[INFORMATION PROVIDED — start]

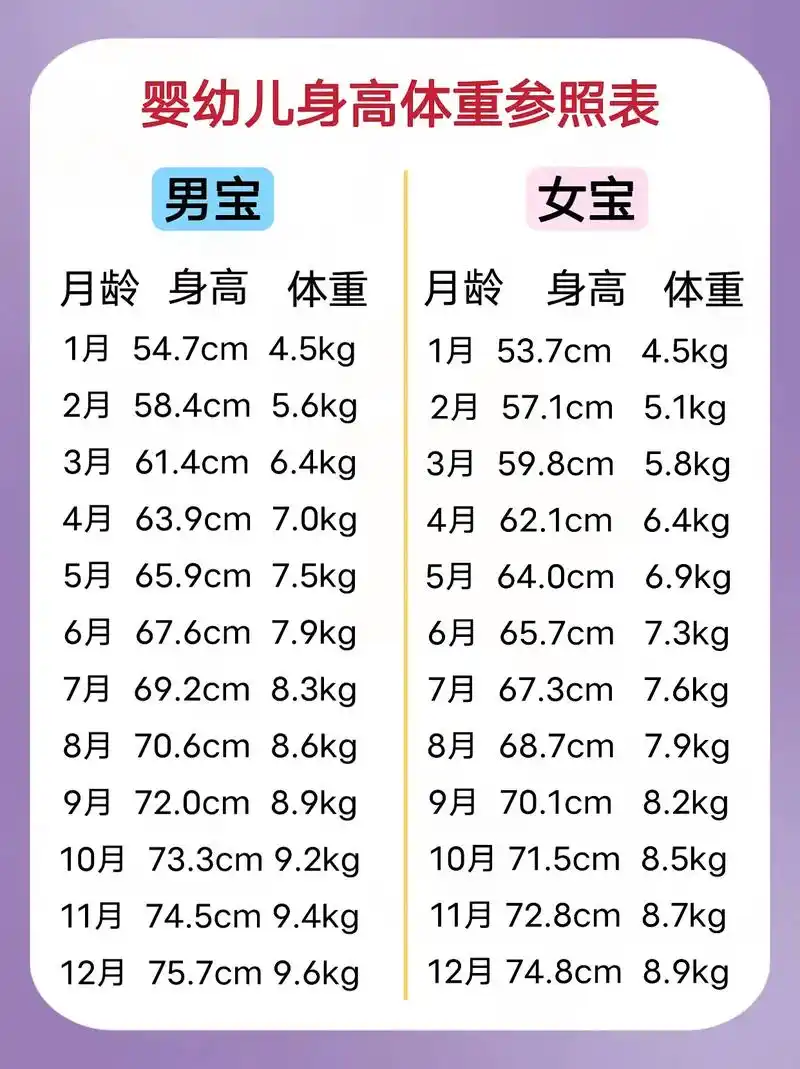 麻麻们,2024婴幼儿身高体重参照表来啦,你家宝宝达标了吗?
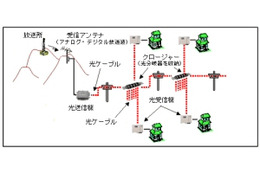 NHK、光ファイバーを用いた地上波テレビ放送の共同受信システムを開発 画像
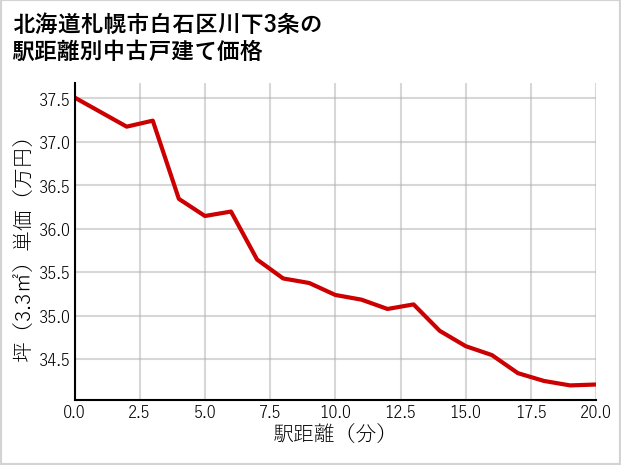 北海道札幌市白石区川下3条の徒歩距離別の中古戸建て坪単価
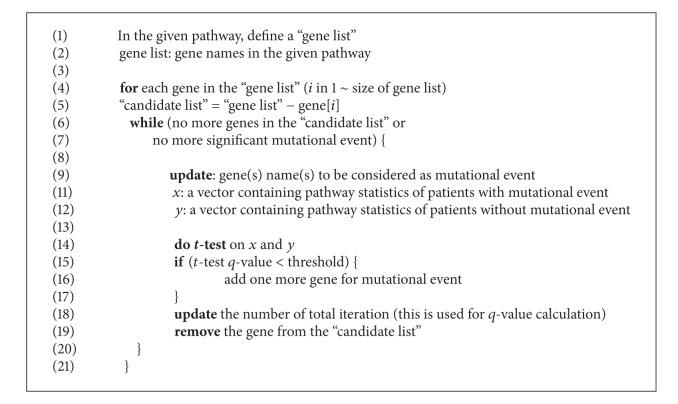 Algorithm 1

[INFORMATION PROVIDED — finish]

Repeat, exactly and in full, all the material above except its pictures.

 麻麻们,2024婴幼儿身高体重参照表来啦,你家宝宝达标了吗?
 NHK、光ファイバーを用いた地上波テレビ放送の共同受信システムを開発 画像
 北海道札幌市白石区川下3条の徒歩距離別の中古戸建て坪単価
 Algorithm 1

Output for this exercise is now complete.